戦国の世、武田の配下土屋庄三郎が手にした真紅の反物は、人の血で染められたと言われる纐纈布であった。その布に導かれ訪れた霊山富士の懐に庄三郎を待っていたのは、数奇な運命の糸に引き寄せられるように集った罪多き者たち。
著者が本作品を完成させぬままに世を去ったことが、返す返すも惜しまれる。
評価:
少年ジャンプでは、コミックの連載開始時は巻頭カラーで掲載し、以降は人気投票の結果で雑誌内での掲載ページの位置が決まり、人気が振るわなければ、話が中途でも打ち切られてしまう、という方式が採用されています。
この場合、風呂敷を大きく広げたところで、人気ががくっと落ちた時は悲惨です。舞台装置もキャラも揃って、さあ一大決戦だ、と盛り上がった読者の気持ちは、どこへぶつけたらいいのでしょうか。
ええ、そうです。

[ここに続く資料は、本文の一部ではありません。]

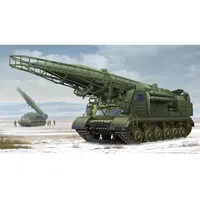 Trumpeter 01024 - Ex-Soviet 2P19 Raketenstartrampe mit R-17 Missile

この作品にも、全く同じような思いを感じさせられたのですよ。人の血で染め上げた「纐纈布」に引き寄せられ、本栖湖にある纐纈城に向かう若君。彼を追う、無邪気な少年盗賊。精巧な仮面を作り出す美女の尼。奇病に侵された城主は、甲府の町に伝染病を撒き散らし、その一方で軍師・山本勘助は謎の新兵器を開発中……
これだけ奇天烈なキャラとギミックと設定を起こしておきながら、唐突に「未完」って言われても。あんまりです。